• WHAT YOU SHOULD DO:
The lines you return should be those containing the string "Porzellan", taken from the data below.
[SUPPLIED MATERIAL — start]
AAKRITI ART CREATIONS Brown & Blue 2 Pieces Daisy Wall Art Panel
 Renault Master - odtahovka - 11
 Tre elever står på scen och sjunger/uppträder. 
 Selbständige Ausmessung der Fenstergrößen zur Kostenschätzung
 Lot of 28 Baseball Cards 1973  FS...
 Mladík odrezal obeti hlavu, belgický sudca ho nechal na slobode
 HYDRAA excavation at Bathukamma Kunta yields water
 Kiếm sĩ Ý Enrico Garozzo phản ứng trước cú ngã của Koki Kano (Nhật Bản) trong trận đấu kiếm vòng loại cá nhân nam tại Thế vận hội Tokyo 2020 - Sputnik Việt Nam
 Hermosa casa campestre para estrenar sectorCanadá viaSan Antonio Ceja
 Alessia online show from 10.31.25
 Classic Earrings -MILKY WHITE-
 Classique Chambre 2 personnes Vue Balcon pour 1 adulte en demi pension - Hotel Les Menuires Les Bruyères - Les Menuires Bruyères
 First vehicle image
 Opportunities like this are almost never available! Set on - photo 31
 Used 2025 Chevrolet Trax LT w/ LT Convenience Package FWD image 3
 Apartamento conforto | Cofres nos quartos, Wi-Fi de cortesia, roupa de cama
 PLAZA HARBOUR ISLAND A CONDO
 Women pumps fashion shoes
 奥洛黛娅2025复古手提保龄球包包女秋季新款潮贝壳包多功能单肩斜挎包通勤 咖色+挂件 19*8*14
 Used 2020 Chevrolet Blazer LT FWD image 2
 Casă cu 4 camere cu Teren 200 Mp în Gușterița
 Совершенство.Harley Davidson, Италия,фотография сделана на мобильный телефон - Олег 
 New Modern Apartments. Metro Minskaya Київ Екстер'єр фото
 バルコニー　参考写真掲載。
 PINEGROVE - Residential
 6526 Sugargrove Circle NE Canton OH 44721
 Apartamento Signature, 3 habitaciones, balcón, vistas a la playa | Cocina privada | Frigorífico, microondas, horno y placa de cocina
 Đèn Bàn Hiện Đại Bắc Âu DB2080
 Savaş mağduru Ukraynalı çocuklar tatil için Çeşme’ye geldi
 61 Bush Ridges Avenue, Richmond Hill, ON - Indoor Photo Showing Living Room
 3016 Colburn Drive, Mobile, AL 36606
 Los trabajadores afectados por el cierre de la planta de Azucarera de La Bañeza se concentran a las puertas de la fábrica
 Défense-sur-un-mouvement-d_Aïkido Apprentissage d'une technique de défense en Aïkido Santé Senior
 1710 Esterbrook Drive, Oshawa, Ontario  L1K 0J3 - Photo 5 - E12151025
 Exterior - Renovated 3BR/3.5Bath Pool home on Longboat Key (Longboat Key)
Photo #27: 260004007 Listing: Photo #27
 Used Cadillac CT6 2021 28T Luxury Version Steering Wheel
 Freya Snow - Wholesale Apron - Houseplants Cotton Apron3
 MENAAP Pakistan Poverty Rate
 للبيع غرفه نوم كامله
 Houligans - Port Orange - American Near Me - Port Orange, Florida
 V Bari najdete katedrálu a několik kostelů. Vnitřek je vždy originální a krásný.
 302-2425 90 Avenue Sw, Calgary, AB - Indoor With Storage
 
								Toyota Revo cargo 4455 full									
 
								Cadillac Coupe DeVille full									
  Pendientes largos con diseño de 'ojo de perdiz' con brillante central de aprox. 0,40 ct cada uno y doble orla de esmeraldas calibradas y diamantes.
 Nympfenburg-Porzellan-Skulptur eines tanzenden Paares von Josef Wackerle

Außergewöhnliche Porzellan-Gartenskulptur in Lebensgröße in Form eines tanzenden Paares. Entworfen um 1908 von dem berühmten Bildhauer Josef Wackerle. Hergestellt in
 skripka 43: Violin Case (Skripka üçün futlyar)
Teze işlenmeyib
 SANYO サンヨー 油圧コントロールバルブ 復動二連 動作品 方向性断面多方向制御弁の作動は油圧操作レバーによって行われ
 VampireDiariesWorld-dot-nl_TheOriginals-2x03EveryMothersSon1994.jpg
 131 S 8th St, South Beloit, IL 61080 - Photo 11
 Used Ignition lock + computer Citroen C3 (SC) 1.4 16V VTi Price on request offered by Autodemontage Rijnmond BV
[SUPPLIED MATERIAL — finish]
• EXERCISE RESPONSE:
 Nympfenburg-Porzellan-Skulptur eines tanzenden Paares von Josef Wackerle
Außergewöhnliche Porzellan-Gartenskulptur in Lebensgröße in Form eines tanzenden Paares. Entworfen um 1908 von dem berühmten Bildhauer Josef Wackerle. Hergestellt in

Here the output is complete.